# Cold front crappie



## Carpman (May 18, 2005)

Hit up clear fork. Sure wish they would open the gates to the parks! Anyway, parked at the gate and walked into the handicap area. Slayed them. Kept the 5 crappie that were over 9" and let probably 200 go between 2 of us in 4 hours. Just cause it's cold doesn't mean the fish aren't in their spawning beds. Just proves wrong the people that say the weather effects when fish spawn. Fish have a biological clock and they follow it every year. 
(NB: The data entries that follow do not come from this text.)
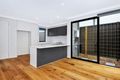 Property photo of 2/126 Victoria Road Northcote VIC 3070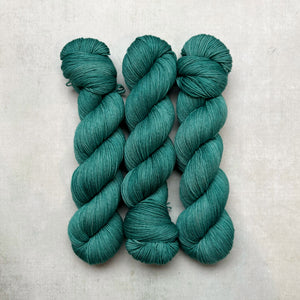 and slowly dream ~core~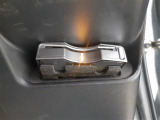 ■ 装備5 ■ ETC車載機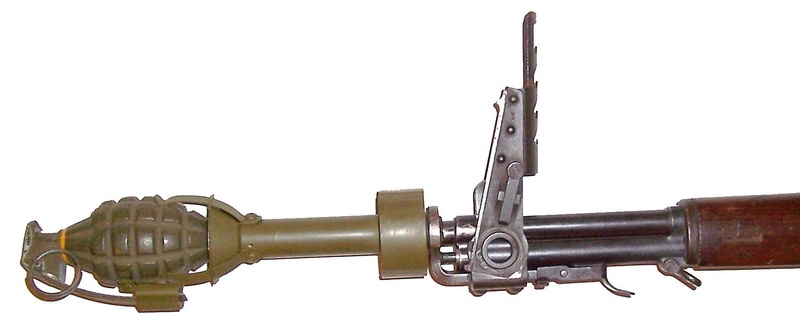 lance grenade bizarre L_g_ad10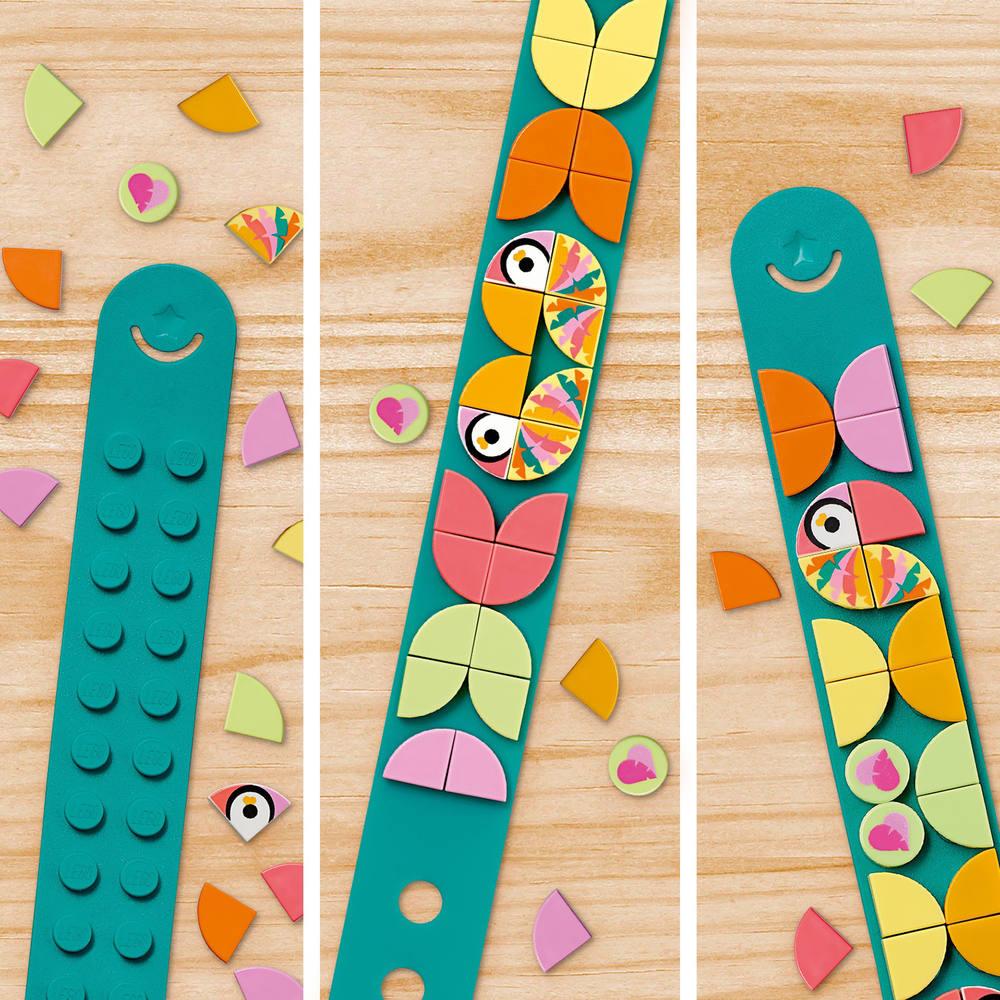 Lego dots jouet club Clearance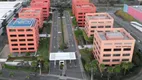 Foto 10 de Sala Comercial para alugar, 193m² em Parque dos Resedas, Campinas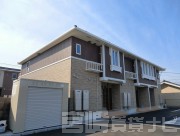 宮崎県日向市財光寺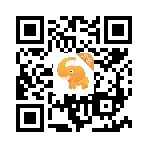 ע����2018��ȫ�������Y��ԇ11���e�k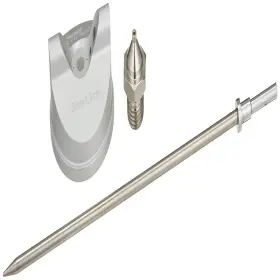 B00z5yvg5y Earlex 0pacc10 1.0mm Needle Fluid Tip And Nozzle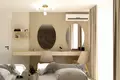 4 bedroom house 326 m² Montenegro, Montenegro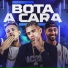 MC Ch da Z.O, Gelado no Beat feat. Mc Magrinho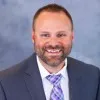 Blake Suhr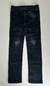 Calça Infantil Menino Jeans Skiny Tommy Hilfigger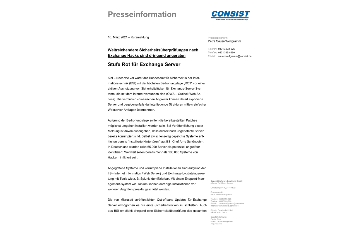 PDF Vorschaubild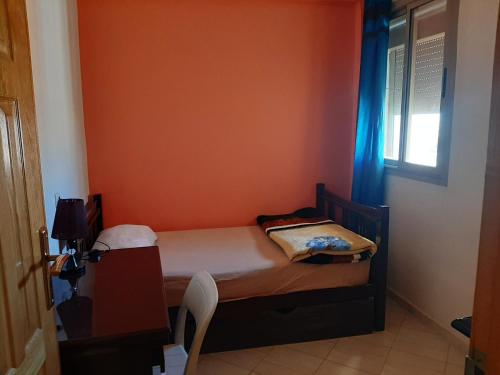 Charmant appartement a louer a meknes in Sbata Charmant appartement a louer a meknes in Sbata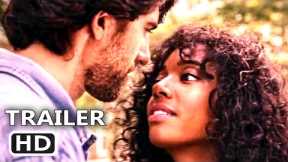 DIRTY LINES Trailer (2022) Netflix Drama Series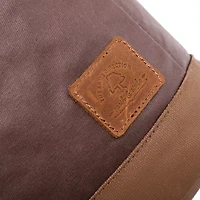 TSD Brand Urban Light Sling Bag Backpack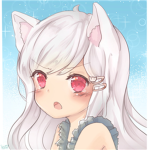 BAB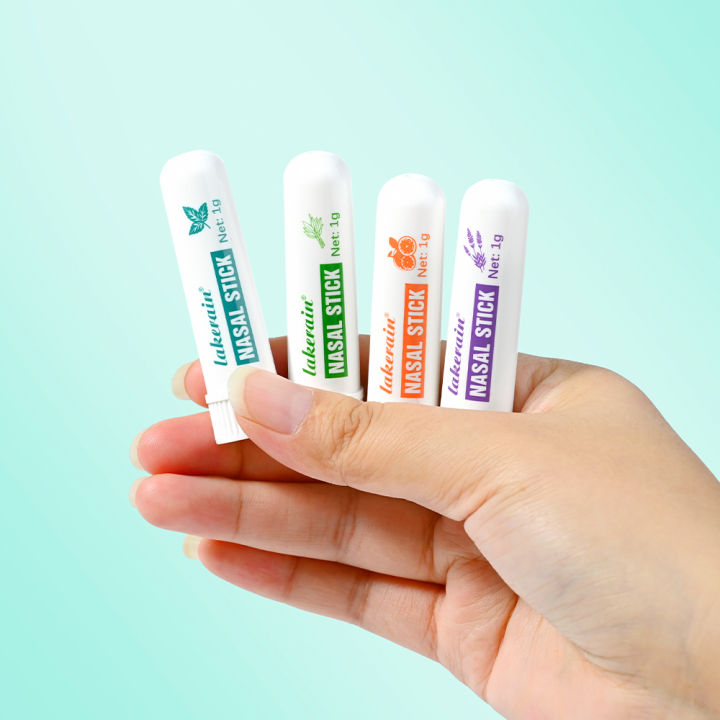 Nasal%20Stick%20Boosts%20Focus%20Inhaler%20Tubes%20Cooling%20Essential%20Oil%20Nasal%20Inhaler%20Aromatherapy%20Energy%20Bar%20Sinus&Congestion%20Relief%20Daily%20-%20Image%206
Every fish I caught was colored up for spawning. They are in the typical spawning areas at clearfork, Knox, Charles mill, and pleasant hill. Just gotta brave the cold and go get em'


----------



## JIMSWHIM (Aug 20, 2007)

Hi carpman, I don't want to know where you fished at clearfork but I would like to know if you used minnows and where did you get them ? The bait shops I stopped at don't have any yet. Did you use wax worms ? Thanks ! Jim


----------



## Carpman (May 18, 2005)

Mikes bait is open on 97 as of a couple days ago. I fished the handicap dock at the park. No secret there. There were 20 people catching with me!


----------



## "chillin" (Apr 20, 2012)

Bahhahahaha! This is hilarious. Best one yet. If the crappie are spawning I'll streak up an down my street buck naked.


----------



## polebender (Oct 29, 2011)

April 1st isn't til Wednesday! So your a little early on both!&#128516;


----------



## Salmonid (Apr 14, 2004)

well they are certainly in a prespawn cycle now, meaning moving close to the banks and still schooling so if you can get on a school, it would certainly appear like they are spawning, LOL I got a 12" female Black from my pond yesterday that was in total war paint, spewing eggs as I lipped her before the release. the are getting close and like all species, there will be a few weeks of overlap durring the spawn. I agree another 14-21 days and they will be smashed up against the banks and brush but like I said, if you can find the schools that are moving in from deeper water fishing can be fabulous...

Salmonid


----------



## jray (Jan 20, 2006)

[quote="chillin";1989710]Bahhahahaha! This is hilarious. Best one yet. If the crappie are spawning I'll streak up an down my street buck naked.[/quote]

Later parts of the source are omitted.